Dernière mise à jour : 9 févr.

 

« Nous n’autoriserons aucun acte qui soit de nature à entraver le processus démocratique, j’invite donc le reste des joueurs à poursuivre le vote »  ordonnent les soldats roses de la série SquidGame lorsque les participants s’écharpent pour décider de poursuivre ou d’arrêter ces morbides jeux d’enfants (Saison 1, Épisode 2).


Cette série est liée au contexte socioéconomique de la Corée du Sud. Au-delà du côté sanglant (voir fascinant ?) inspiré du jeu "Fortnite" ou des films "Battle royal", "Hunger Game", selon le principe du « jeu du dernier survivant », la critique sociale, économique et démocratique est puissante. En effet, la Corée du sud est traversée par des fractures malgré son image de pays dynamique et porteur de nouvelles technologies (Samsung).


Le réalisateur Hwang Dong-hyeok, un opposant au pouvoir sud-coréen, a mis tout son talent pour dénoncer ce qu’il considère comme les dérives de son temps. Le combat de classe, l’exploitation de l’homme par l’homme, la société du divertissement à tout prix, le cynisme du capitalisme, l’inhumanité ou la bêtise des gens ordinaires dans un système qui les broies… Il accentue dans cette deuxième saison la critique de la démocratie pour montrer qu'elle n'est qu'une vaste manipulation et qu'elle obéit à des modes opératoires entachés de vices.


Des ‘participants’, choisis pour leur détresse sociale car très endettés (en 2021, la dette des ménages en Corée du Sud, était la plus élevée d'Asie, plus de 100% du PIB ! ) doivent concourir dans des jeux enfantins pour échapper à l’extermination.
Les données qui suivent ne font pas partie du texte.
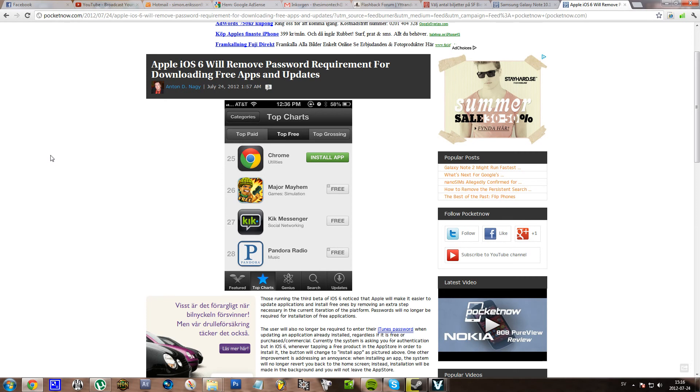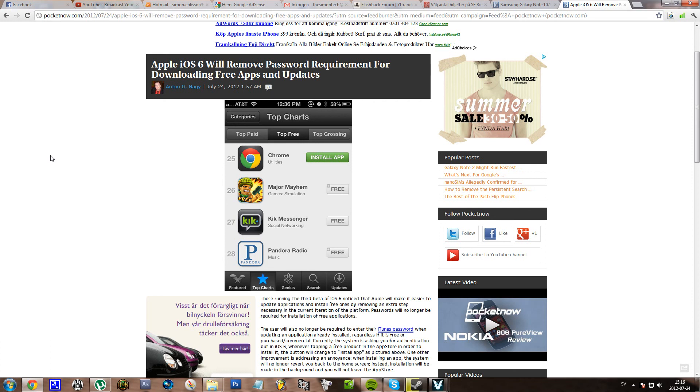I mean seriously, if you want to download a free app and you have a pretty long password, maybe sometimes you have to enter it a few times a day. That is a big pain.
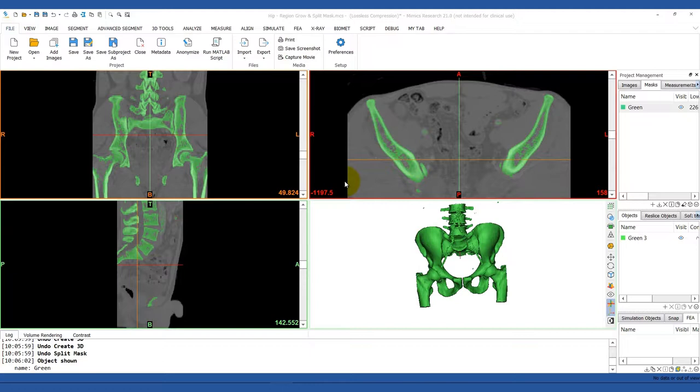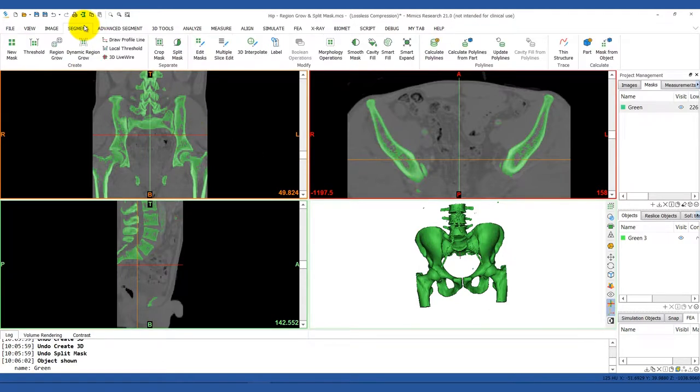Let's say that you want to split off the sacrum from the rest of the pelvis. In the segment menu, click on the split mask tool.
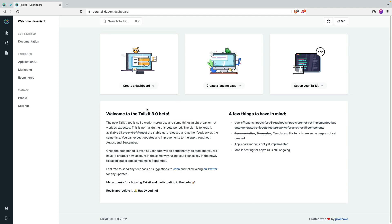Worth mentioning: TailKit is made by Pixel Cave, which is a very small team — I think one developer and one designer, though I'm not sure. So you're supporting small creators who have a lot of experience with designs and templates. I haven't really used their other products, but TailKit specifically I used and really liked, which is why I'm doing this review.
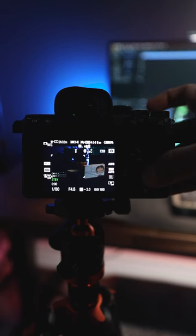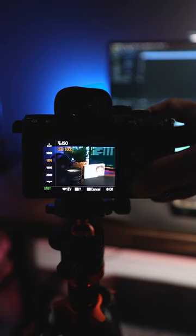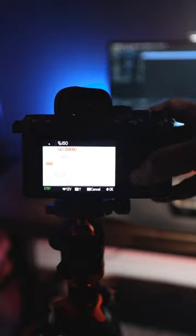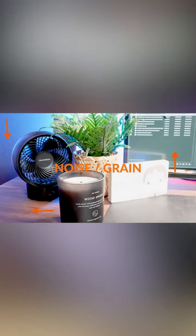Let's say you're not surprised because you're already aware of the fact that the more you bump the ISO, the more will be the brightness. But at the same time, you are introducing more grain to the footage. But this is not what I'm talking about.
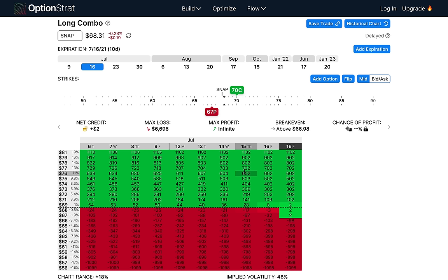This is called the long risk reversal option strategy — very powerful. A couple of things to note: number one, be aware of commission fees because you are opening and closing one more contract — the call option. The other thing is risk of early assignment. You are selling a put, so you're agreeing to potentially buy 100 shares if by expiration the stock is under the strike price you chose. You will be assigned 100 shares if the share price is under the strike price at the end of expiration day — July 16th in this scenario. If you have any questions, leave them in the comments below, check out the Discord link in the description, and I'll see you next time.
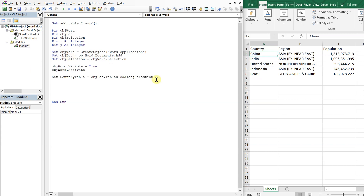We're using ObjectSelection and its Range. For a table there are two numbers you input: the first number is the number of rows — so we have six rows — and the second number is the number of columns — so we have three columns. So six, three.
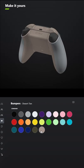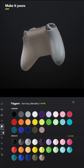For the bumpers also select Desert Tan, but for the triggers select Ash Gray Metallic.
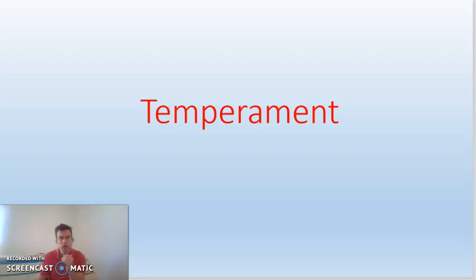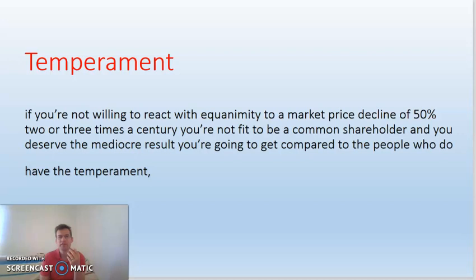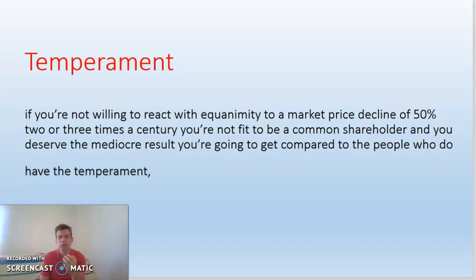What Charlie Munger talks about is that if you're not willing to react with equanimity to a market price decline of 50%, two or three times a century, you're not fit to be a common shareholder, and you deserve the mediocre results you're going to get compared to the people who have the temperament.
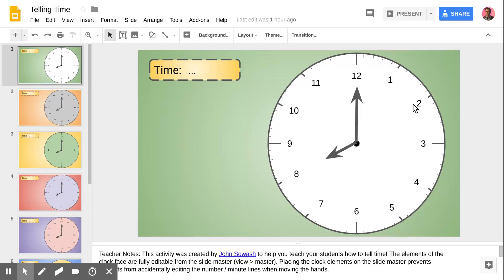This is John Sawash, and I want to show you how I created this time-telling activity in Google Slides. I chose Google Slides for this activity because it allows me to do multiple pages, or in this case, slides. You could technically do this in Google Drawing, but this provides me with a little bit of extra flexibility.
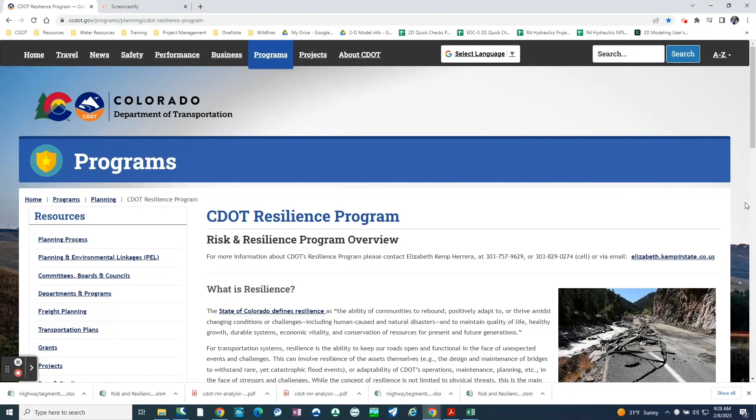My name is Callie Weygren, and I am out of Region 4. I was the project manager on our 2D Quick Check program, so I was able to beta test a lot of the risk and resiliency tools that are available, and they were very helpful in being able to quantify a lot of our opportunities that were identified through our 2D Quick Check program. I will be doing a demonstration of the risk and resiliency Excel spreadsheet tool. This tool can be found on the CDOT resilience program website.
Ces personnes pris au piège dans la spirale de la dettes n’ont pas d'autres issues que de tenter de gagner.


En dehors de l’ambiance chaotique, avec l’abatage en masse des ‘perdants’ aux jeux d’enfants.

En dehors du gain de 45,6 milliards de wons (soit 32 millions d'euros) pour l’unique survivant..

En dehors du profil des participants identifiés comme des déchets du système…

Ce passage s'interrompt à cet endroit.